- Soon after we got married, I discovered that my period was nearly two months late.
- With four kids between us, and me being in my early 40s with them, I was mixed emotions.
- Although it didn’t end up being a pregnancy, I do wonder sometimes if it is really perimenopause.
I checked my period app: two months late. “Are your ready for baby number five?” I asked my husband. I noticed that his eyes widened and that he was thinking the same thing as me: “Oh no, please not.”
Although we’d been cautious from the beginning, were we being enough vigilant? I searched my memories for any nights that we might have forgotten. Although I didn’t see anything, it was clear that surprise babies do happen. Many of my close friends and relatives have had children in their late 40s. It wasn’t impossible for me to have a baby at 43, when I was newly married for the second consecutive time.
After a long pause he replied, “I mean, yes.” He turns his head to my stomach. “But if it were, it would still be okay. I suppose.
“I think it’s hormones,” he replied. However, my brain was less certain of the cause of my missed periods. My stomach felt firmer, and my stomach seemed a little more round. Could I have been pregnant? Maybe?
Consider another pregnancy in your 40s
As I uttered the words, I was unsure of my true feelings. I knew in my rational mind that I didn’t want more children. Four is enough.
Yet, I couldn’t seem to shake my deep-seated desire to have another baby. We are a blended family, with two children from different births. I wonder what it would be like to have a child with him.
An “ours” baby — that’s what they call them. I love the baby stage. He is a great dad. Now that my daughters are teenagers, I still miss the baby years when they were cuddled, fed, and soothed to sleep.
My periods were easy to track until I was 40. Now, at 43, they turn up at random times — or not at all. According to what I have heard, menopause starts at age 50. So I guess I am too young. It’s something I have avoided thinking about. Although menopause sounds frightening, so does a gestational pregnancy. I wasn’t certain which one I was in for or what I was looking for at that moment.
To find out my fate, I need to take a test
I headed to the supermarket and pulled out three pregnancy tests. I stuffed them under my peanut-butter chocolate bar and Pringles packet. My basket looked more like a pregnant woman’s. As I watched the cashier scan my items, I thought, “I might as well make it louder.”

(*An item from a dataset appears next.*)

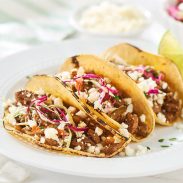 Steak and Queso Fresco Mini Tacos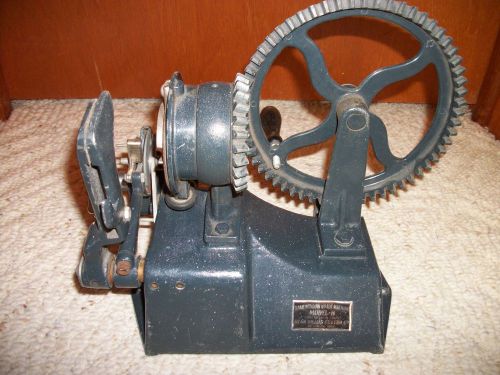 STAR - MODEL H  - WINDOW SHADE CUTTER MACHINE mfgd. St. Joseph Michigan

As soon as I got home, I used all three, one after the other — and they were all negative. However, I was unsure if it was too soon to know. Because I was pregnant with both my girls when the tests confirmed that I was, I knew it. I needed to be sure. I made an appointment with a nurse and explained my situation.
When I arrived, she suggested that it could be perimenopause. The stage just before menopause. You’re still young but in the right age bracket.
I said, “I hope so,” part of me meant it, and another part was completely lying. I wrapped my hands around the urine sample jar, and went to the bathroom.
While I waited for the nurse’s results, I repeated the phrase “You really don’t want more children.” It wouldn’t be safe because of my history with premature births and cervical complications. My hand was placed on my stomach. I thought, “And yet…”
A few minutes passed. “Not pregnant!” The nurse looked at me with relief. The possibility of pregnancies could cause concern among medical staff.
So, perimenopause, then. I returned home and informed my husband. He said, “It would have been nice.” He leaned on my shoulder and I could see that he was having the same inner conflict. “But, we already have four children and babies are hard work.”
“No more babies!” We both laughed and I agreed. We had been discussing booking a vasectomy and this may have been the perfect reminder. Due to the pandemic, and our November 2020 wedding, we put everything on hold. I brought it up with my doctor the following week, but we live in a very small, isolated town and staff shortages have meant vasectomies are on hold for now — possibly until 2023 — unless we travel to get one, which my husband isn’t very keen to do.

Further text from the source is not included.